Question: I am one of two equal shareholders in a corporation and we are in the process of implementing a buy/sell agreement. Are there any reasons why the business should not own insurance on our lives to provide funds to purchase the shares of the deceased shareholder?
Answer: What you are referring to as a buy/sell agreement is presumably an agreement restricting the transfer of shares and providing for the purchase and sale of shares on the occurrence of various events, one of which is the death of a shareholder. Life insurance is often acquired pursuant to such arrangements to provide liquidity for the purchase of a deceased shareholder’s shares. To the extent life insurance is not purchased or is inadequate to satisfy the purchase obligation, the purchasing party will normally satisfy the difference.
The answer to your question depends on a number of factors. You did not specify whether or not your corporation is a C corporation or an S corporation. The structure of your buy/sell agreement may be impacted by your corporation’s tax status.
A corporation which has elected S corporation status and, therefore, is not subject to tax on its income, will receive the proceeds of insurance on a deceased shareholder’s life without incurring any tax. While the receipt of life insurance proceeds by a C corporation will similarly be income-tax free, the receipt of such proceeds may create an alternative minimum tax liability for the corporation. Many C corporations convert to S corporation status simply to avoid incurring alternative minimum tax when life insurance proceeds are received on the death of a shareholder.
You might consider an alternative structure for your buy/sell agreement, regardless of whether your corporation is a C corporation or an S corporation. Instead of the corporation owning and receiving life insurance proceeds and being the party required to purchase or redeem the deceased shareholder’s shares, the surviving shareholder can be the purchasing party. Each shareholder can maintain a policy of insurance on the other shareholder’s life in a so-called cross-purchase arrangement. When a shareholder dies, the surviving shareholder can collect the proceeds of insurance on the deceased shareholder’s life and purchase the shares of the deceased shareholder with such proceeds.

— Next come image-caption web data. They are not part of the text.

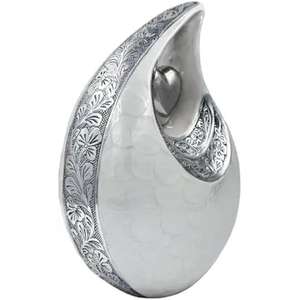 High Quality Aluminum Adult Cremation <b>Urn</b> Matte Finish Customized Colour Wholesale Low Price Memorial Ashes <b>Jar</b> Funeral Supplies - Product Image 5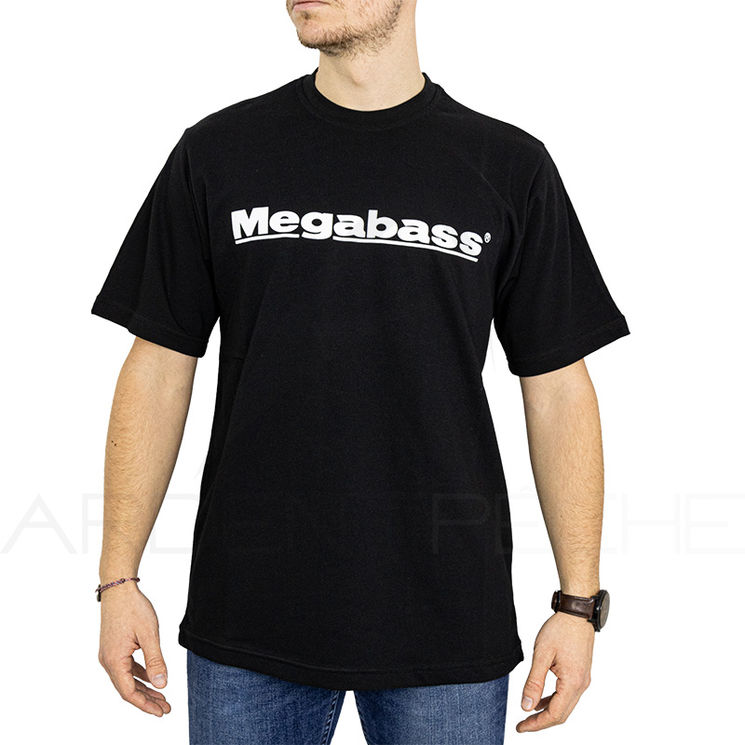 T Shirt MEGABASS Noir 2024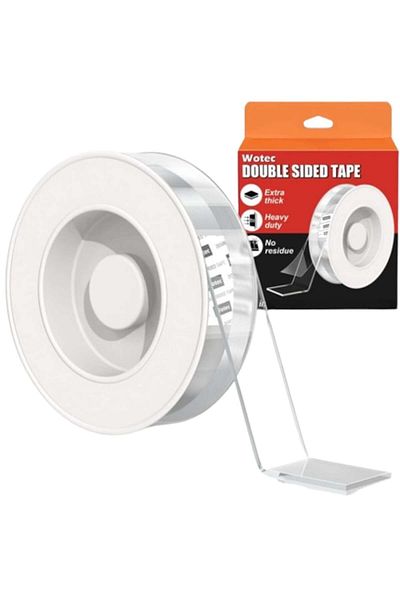 SUPER TRENDS SUPER TRENDS® Extra Strong Reusable Double-Sided Tape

While economically there may seem to be few differences between the two arrangements, there are significant differences from a tax perspective. If shares are being purchased in a cross-purchase arrangement, the surviving shareholder’s basis of the shares acquired equals the amount paid for such shares. For example, if the surviving shareholder collects $500,000 of insurance proceeds on the deceased shareholder’s life and uses such proceeds to acquire the deceased shareholder’s shares, the surviving shareholder’s basis in the shares acquired is $500,000. Effectively, the surviving shareholder is receiving an income tax basis in the shares that are acquired, which basis could result in a lesser tax obligation on the sale or liquidation of the company. Contrast that result with that of a company purchase arrangement where there is no impact on the surviving shareholder’s tax basis in the corporation’s shares. In the case of a C corporation, the cross-purchase arrangement offers the additional advantage of avoiding the alternative minimum tax on the receipt of life insurance proceeds as the proceeds are received by the surviving shareholder, not the corporation.

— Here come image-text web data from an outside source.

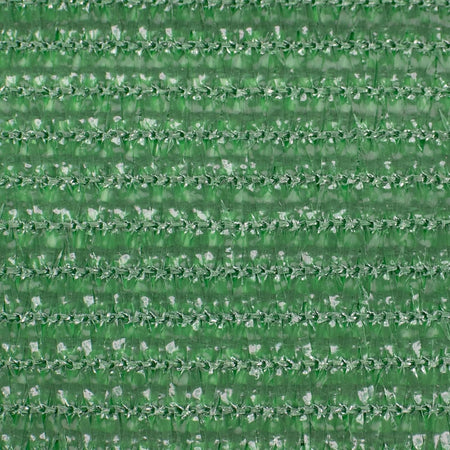 Set 2pz Rotolo Rete Ombreggiante Verde Fitta 1x10mt Protezione Giardini Terrazze 017065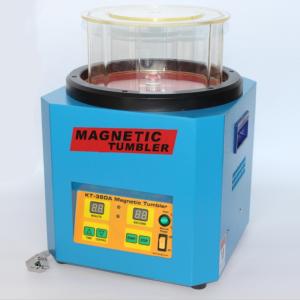 Wholesale 750W Jewelry Polishing Machine 1300g Capacity Magnetic Jewelry Polisher from china suppliers
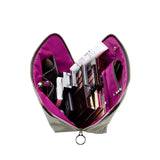 Kusshi Vacationer Leather Makeup Bag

There are of course other considerations that need to be addressed in structuring your buy/sell agreement. If the shareholders own the buy/sell policies, then they must pay the policy premiums. To the extent the corporation pays additional salaries to the shareholders to satisfy the premium payments the shareholders must make, the shareholders will be taxed on the incremental salary payments. In some cases, a shareholder may be concerned that the other shareholder will not properly maintain the insurance required for buy/sell purposes. A similar concern may arise with a non-creditworthy shareholder where the prospect of creditors making claims to the shareholder’s assets arises. Some of these concerns may be overcome by having the buy/sell policies held in escrow.
While a full analysis of the desired structure for your buy/sell agreement is beyond the scope of this discussion, you should be aware that insurance-funded cross-purchase arrangements often provide advantages to a conventional company-purchase buy/sell agreement.